» Extracted entries:
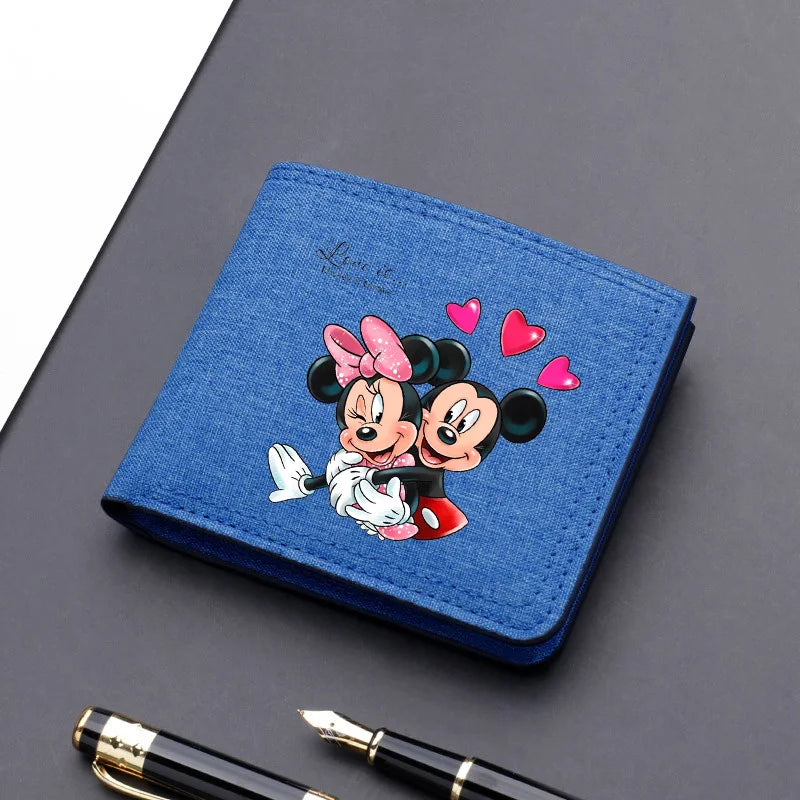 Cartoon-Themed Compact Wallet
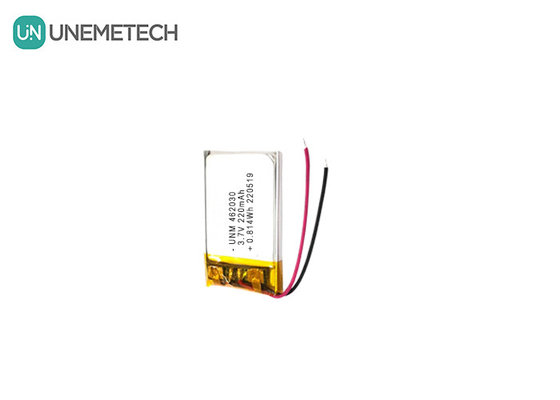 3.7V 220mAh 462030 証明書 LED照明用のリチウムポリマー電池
...
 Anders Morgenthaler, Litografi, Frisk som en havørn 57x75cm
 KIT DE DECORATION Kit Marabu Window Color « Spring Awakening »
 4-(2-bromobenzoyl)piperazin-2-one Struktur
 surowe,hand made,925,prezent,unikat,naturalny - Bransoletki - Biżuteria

» What the exercise asks: Copy only these lines from the records above, exactly: the one with "Cartoon-Themed Compact Wallet", the one with "3.7V 220mAh 462030 証明書 LED照明用のリチウムポリマー電池", and those between. Skip the pictures.

» Answer section:
 Cartoon-Themed Compact Wallet
 3.7V 220mAh 462030 証明書 LED照明用のリチウムポリマー電池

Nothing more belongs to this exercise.